Bientôt un drone dans le ciel des cités agitées
La France est en pointe dans la lutte contre les violences urbaines. Un drone à usage policier a été présenté à l’occasion d’un colloque européen, hier près de Lyon.
Il porte le doux nom d’Elsa. On dirait une modèle réduit du dimanche avec ses ailes en matériaux légers blancs, ses petites hélices. Sous son nez, une boule vitrée abrite une caméra miniature de haute technologie. Et révèle sa vraie fonction : il s’agit d’un drone. Un tout nouvel outil destiné à la police française, dans la lutte contre les violences urbaines. Qui devrait bientôt survoler les citées agitées. Sa mission : renseigner, détecter des mouvements de foules hostiles, éventuellement identifier des fauteurs de troubles, si le vent n’est pas trop fort. À la différence des drones militaires, plus gros, plus autonomes, Elsa ne pèse que 1,2 kg, avec une autonomie de vol de 40 minutes. Pour s’adapter à un environnement à forte densité humaine. La réglementation lui impose moins de 150 mètres d’altitude et deux kilomètres de distance avec sa valise de commandes.
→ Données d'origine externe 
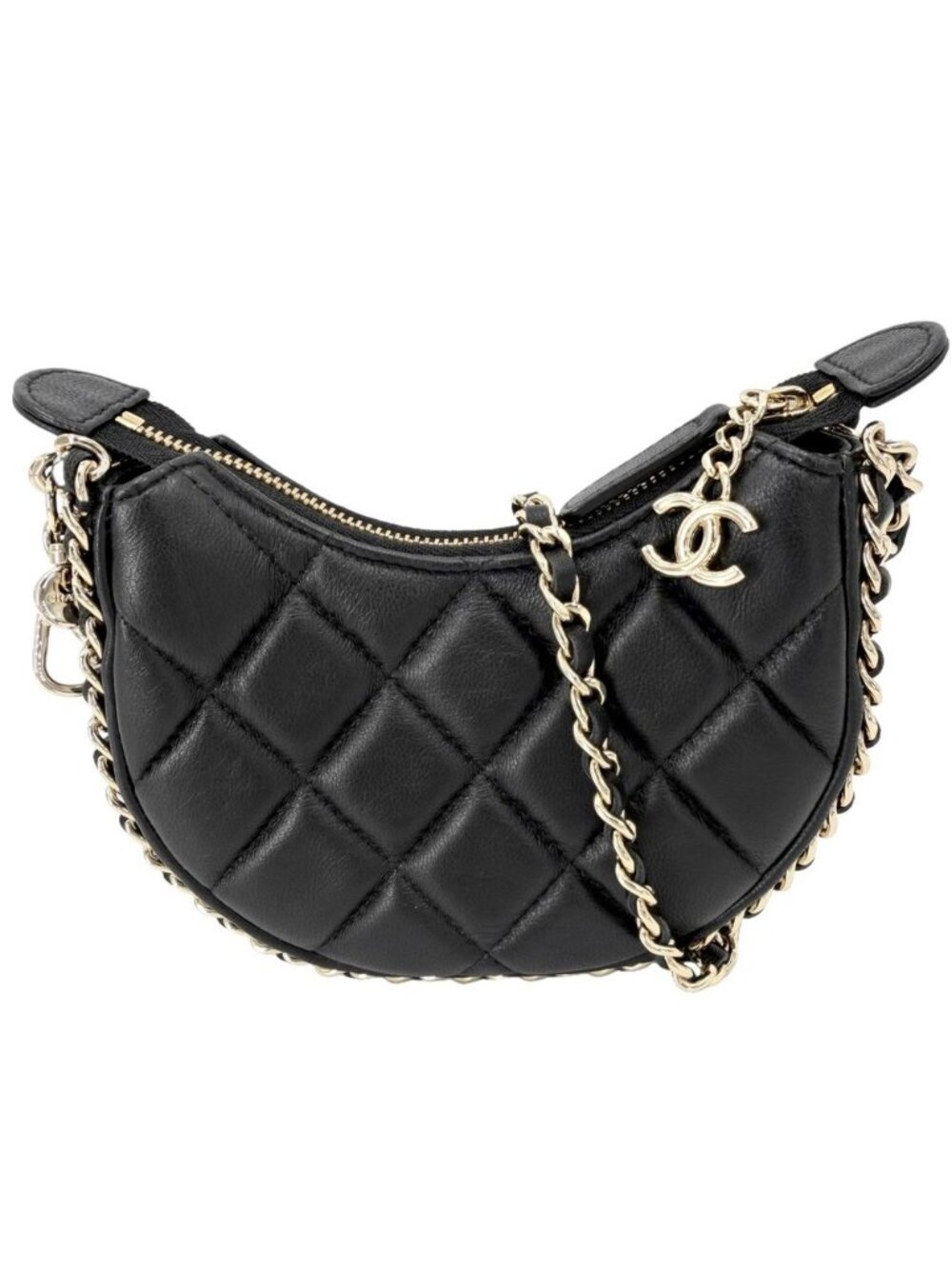 Chanel Shoulder Bag Quilted Mini Hobo Crossbody Lambskin Black Gold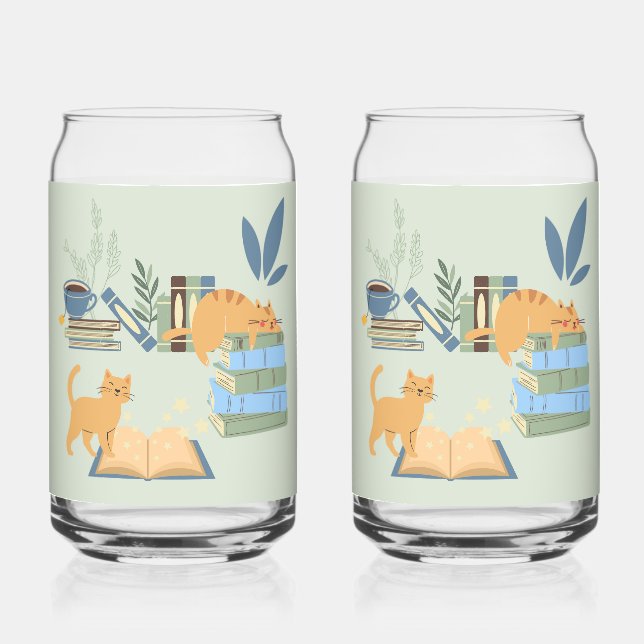 Vaso Con Forma De Lata Gatos de Biblioteca (Anverso)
Encore en phase expérimentale, ce drone policier n’a été officiellement utilisé qu’à deux reprises, à Villiers-le-Bel et Strasbourg. Présenté hier, à l’occasion d’un colloque européen sur «les défis des violences urbaines», organisé à l’école des commissaires de Saint-Cyr-au-Mont-d’Or, près de Lyon, Elsa illustre la technicité déployée par la police française en matière de maintien de l’ordre. «Les Français sont en avance en terme d’armes non létales, ce drone pourrait nous intéresser sur la frontière de l’ex-Yougoslavie», estime Santo Ardiacco, officier de liaison italien. Une police championne d’Europe ? «Par la force des choses nous avons une certaine expérience», consent un commissaire lyonnais qui a exercé en banlieue. «Les violences urbaines constituent un phénomène mondial, la France est plus spécialisée, plus avancée», estime Sylvain Brouillette, assistant du directeur de la police de Montréal au Canada où, pour la première fois cet été, la police a subi des tirs lors d’émeutes très violentes.
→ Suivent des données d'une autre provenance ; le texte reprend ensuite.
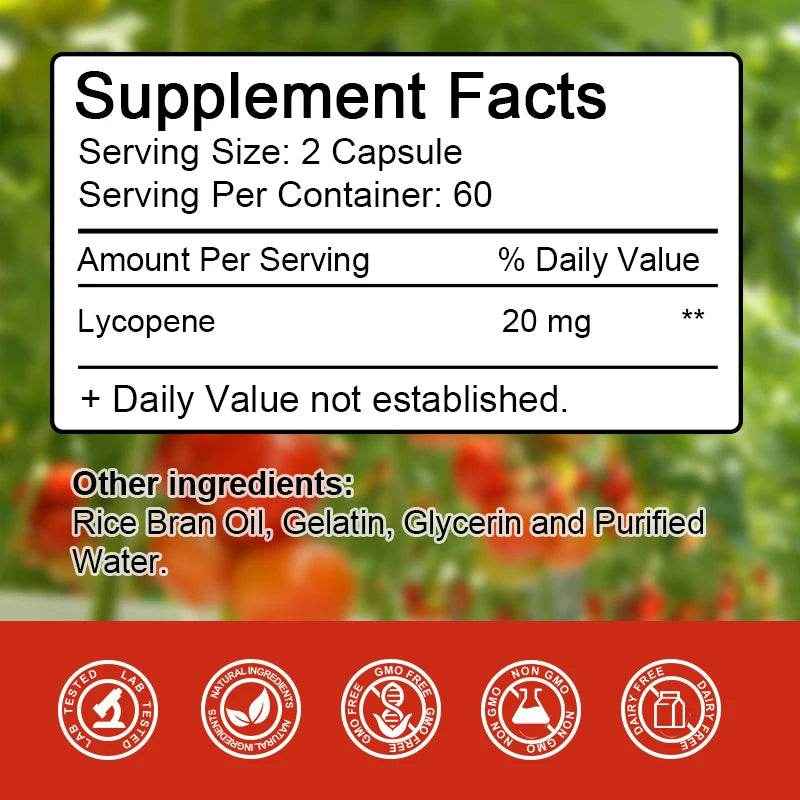 BEWORTHS Lycopene Capsules Support Prostate and Bladder Health, Alleviate Urinary Tract Pain, Male Reproductive Health Support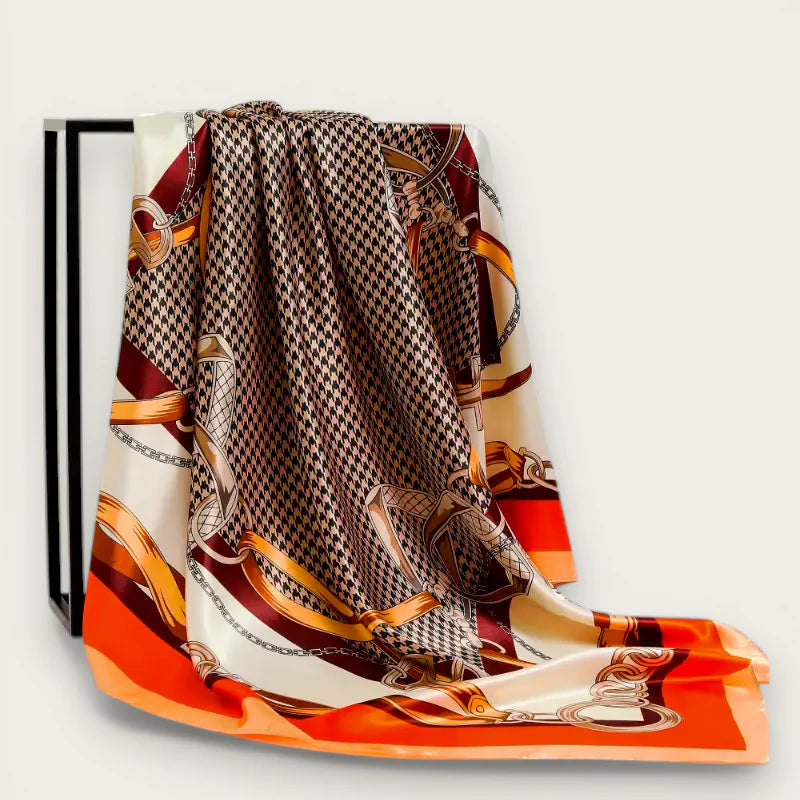 Long satin scarf with houndstooth, gold chains, orange stripes in burgundy cream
«Nous utilisons plutôt des hélicoptères avec des caméras plus grandes qui permettent des identifications plus détaillées, le drone est plus silencieux, il n’incite pas à des regroupements», estime Martin Scother, commandant de police à Sheffield en Grande-Bretagne. «Nos interrogations sont communes, en France nous mettons au point des tactiques de terrain, des technologies nouvelles», explique Jacques Meric, de la direction centrale de la sécurité publique, «les autres polices européennes nous apprennent à mieux détecter les signes précurseurs, à nous pencher sur l’analyse, pour savoir pourquoi un phénomène de violences urbaines se déclare, se propage».
«Apprendre aux Français une prévention plus efficace»
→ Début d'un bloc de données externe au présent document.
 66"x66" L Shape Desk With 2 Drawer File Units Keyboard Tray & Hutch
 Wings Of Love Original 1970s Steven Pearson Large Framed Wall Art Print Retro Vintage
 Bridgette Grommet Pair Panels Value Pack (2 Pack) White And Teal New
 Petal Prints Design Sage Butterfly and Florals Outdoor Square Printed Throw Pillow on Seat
Au pays où un chef de la police est viré pour avoir joué au foot avec des délinquants, la prévention pourrait faire figure de gros mot. «La police française est très professionnelle, toute utilisation de la force doit être mesurée en proportion de l’attaque», admet Martin Scother, officier de police à Sheffield. Mais en Grande Bretagne il existe «une différence majeure» dans la lutte contre les violences urbaines : «Nous faisons beaucoup d’actions préventives, d’activités avec des jeunes pour éviter qu’ils ne quittent le droit chemin.» Cet aspect préventif se trouve aussi dans la composition même des effectifs de police, avec une représentation des différentes communautés de la société britannique. «Ce qu’on peut apprendre aux Français c’est peut-être une prévention plus efficace, chez nous la police a une organisation régionale avec un lien très fort et direct avec la population», témoigne Inge Philips, conseillère de sécurité à l’ambassade des Pays-Bas. En France, des conseils locaux de prévention de la délinquance fonctionnent, des unités territoriales de quartiers viennent d’être instaurées, mais la prévention avait perdu du terrain. Même impressionnés par le savoir-faire tactique et technique des Français, les autres pays d’Europe n’oublient pas l’anticipation des crises sociales. «Chaque génération a sa période de violences urbaines, des événements vont se reproduire», est persuadé Martin Scother.
Richard Schittly - Le Progrès de Lyon, 16 octobre 2008.